§ Recorded data:
------------

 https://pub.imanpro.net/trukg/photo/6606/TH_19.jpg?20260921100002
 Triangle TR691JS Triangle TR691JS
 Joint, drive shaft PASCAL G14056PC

------------

§ Prompt: Output all of the data exactly.

§ Result of the exercise:
 https://pub.imanpro.net/trukg/photo/6606/TH_19.jpg?20260921100002
 Triangle TR691JS Triangle TR691JS
 Joint, drive shaft PASCAL G14056PC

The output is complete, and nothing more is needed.